-------- DATASET ENTRIES --------
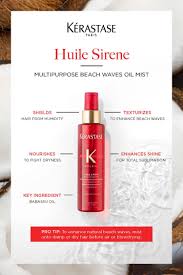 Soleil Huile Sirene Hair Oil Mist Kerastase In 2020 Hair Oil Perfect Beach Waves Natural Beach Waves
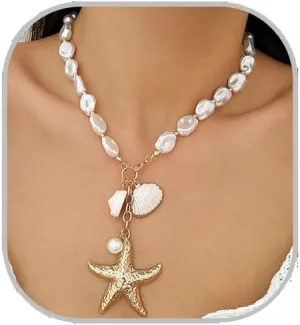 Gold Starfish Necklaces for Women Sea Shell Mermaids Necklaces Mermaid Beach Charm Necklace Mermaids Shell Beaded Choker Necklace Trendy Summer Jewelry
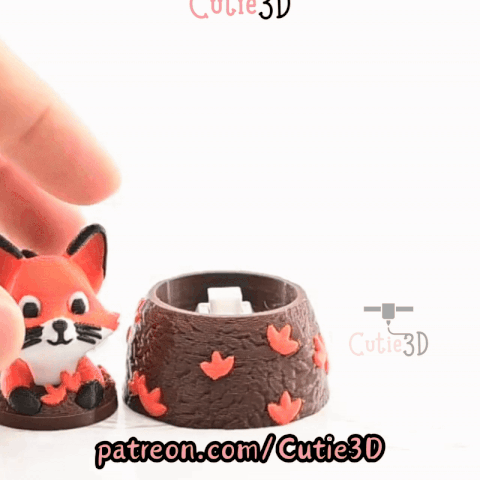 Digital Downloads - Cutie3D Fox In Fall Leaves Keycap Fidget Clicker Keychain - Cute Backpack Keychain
--------
-------- DATASET ENTRIES --------
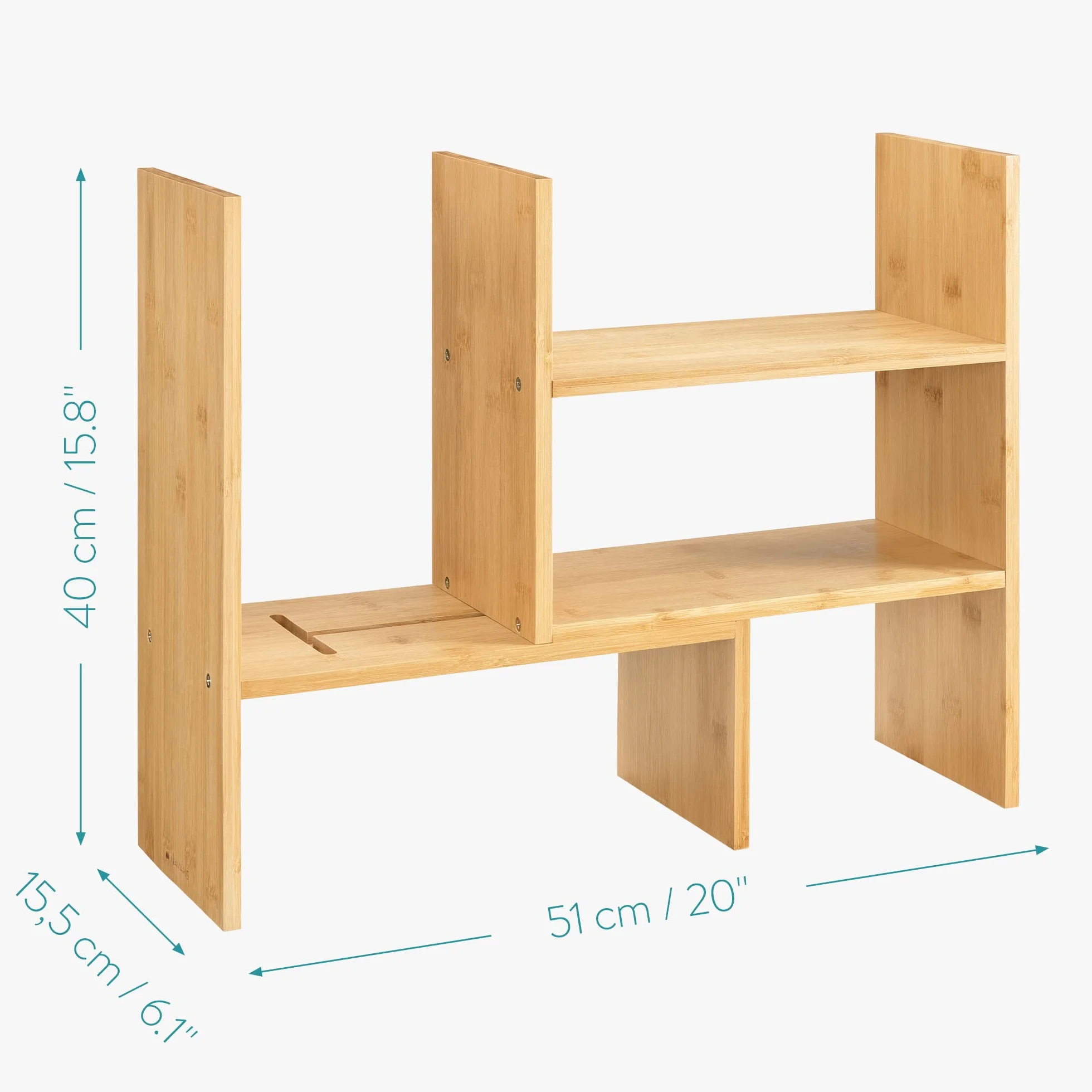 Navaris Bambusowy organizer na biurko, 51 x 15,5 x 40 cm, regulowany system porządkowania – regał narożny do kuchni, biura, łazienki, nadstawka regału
--------
__WORK INSTRUCTIONS__: Each line above from the one containing "Soleil Huile Sirene" through the one containing "Digital Downloads - Cutie3D" is to be returned verbatim. Nothing else, and no pictures.

__SOLUTION TO THE PROBLEM__:
 Soleil Huile Sirene Hair Oil Mist Kerastase In 2020 Hair Oil Perfect Beach Waves Natural Beach Waves
 Gold Starfish Necklaces for Women Sea Shell Mermaids Necklaces Mermaid Beach Charm Necklace Mermaids Shell Beaded Choker Necklace Trendy Summer Jewelry
 Digital Downloads - Cutie3D Fox In Fall Leaves Keycap Fidget Clicker Keychain - Cute Backpack Keychain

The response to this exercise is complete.